--- Task statement ---
The reply should hold nothing except the lines from the one with "Siroko Bx Squadra Trägerhose" through the end of the entries, duplicated exactly and with no pictures.

↓

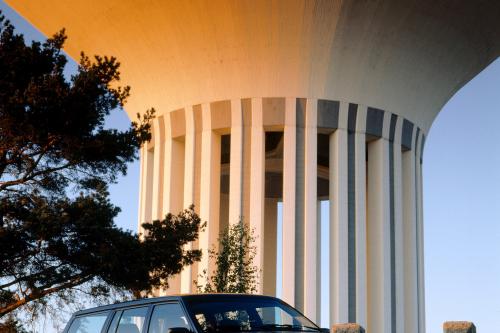 Volvo 740 (1984) - picture 8 of 24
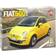 Italeri Fiat 500 2007 1:24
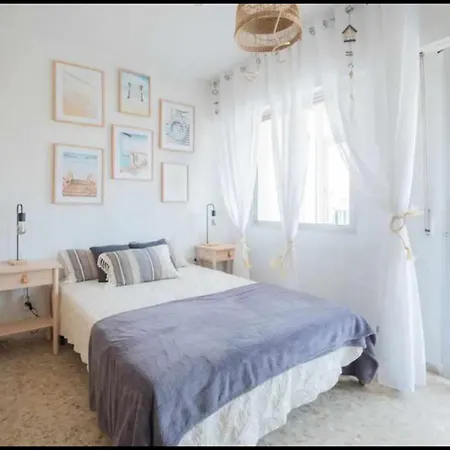 Cozy Near The شقة *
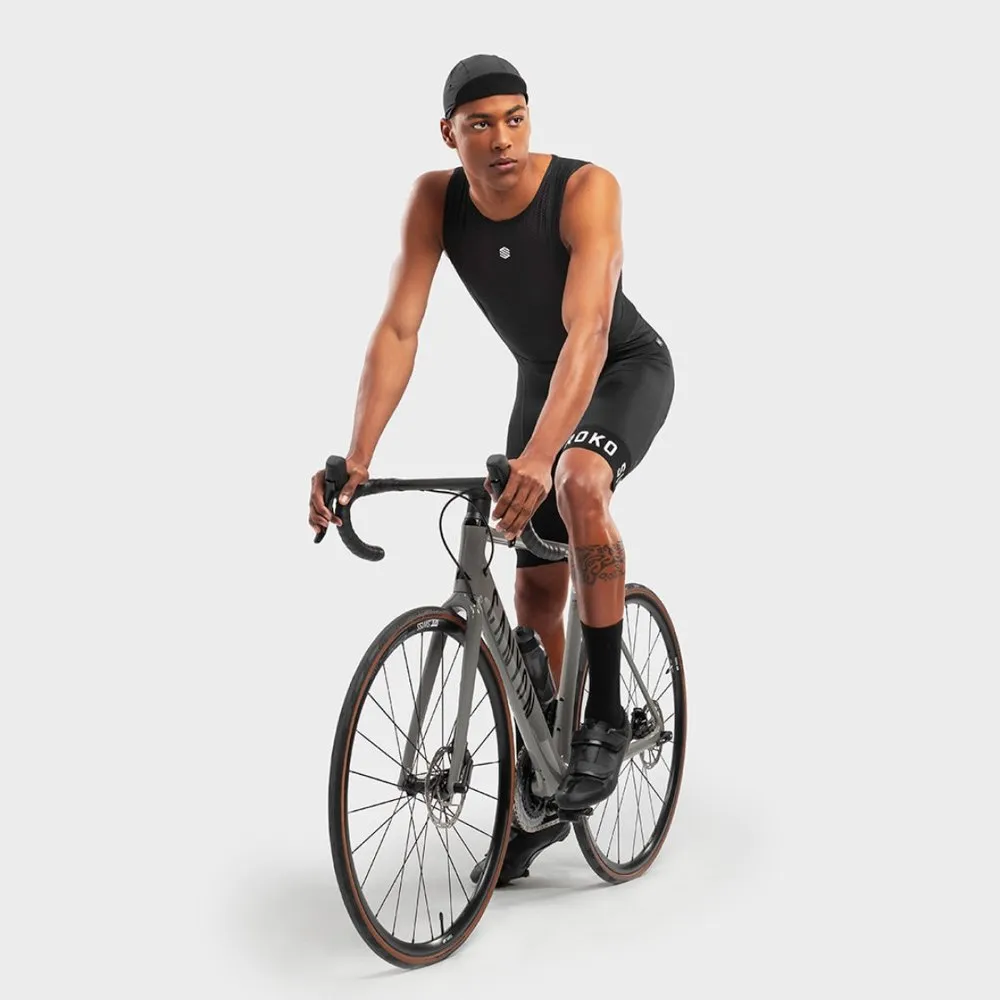 Siroko Bx Squadra Trägerhose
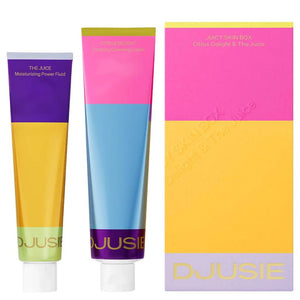 Lahjapakkaus Djusie Juicy Skin Box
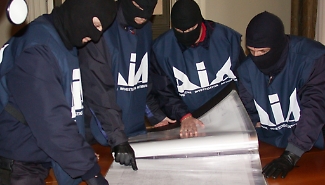 Mafia a Vittoria, maxisequestro da 20 milioni di euro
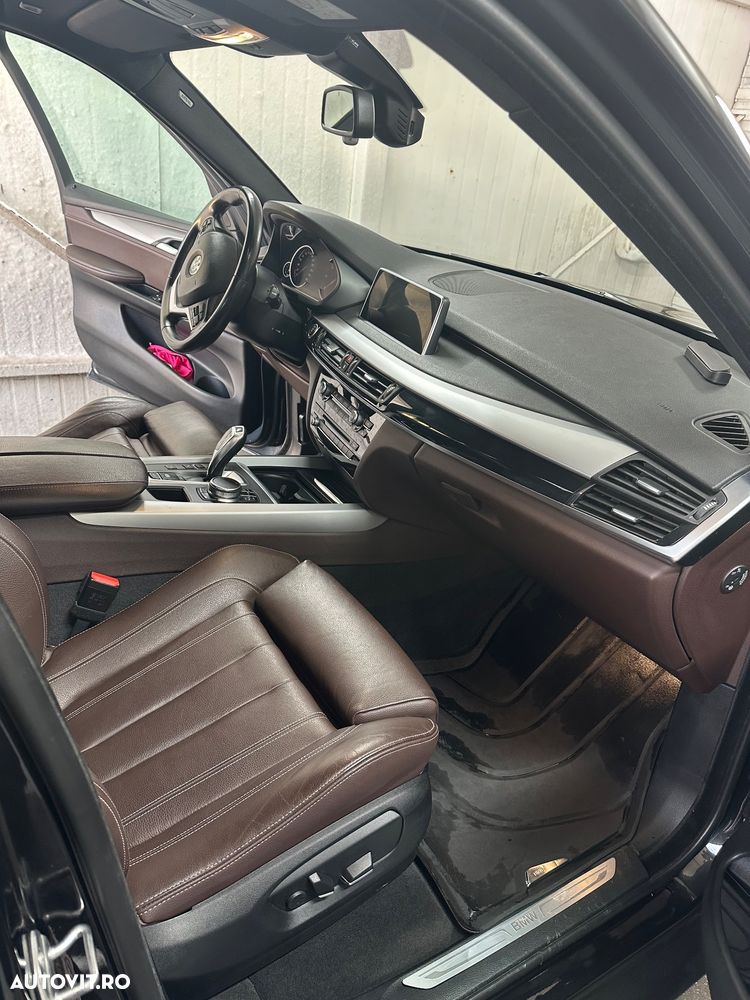 BMW X5 - 8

↑

--- Task response ---
 Siroko Bx Squadra Trägerhose
 Lahjapakkaus Djusie Juicy Skin Box
 Mafia a Vittoria, maxisequestro da 20 milioni di euro
 BMW X5 - 8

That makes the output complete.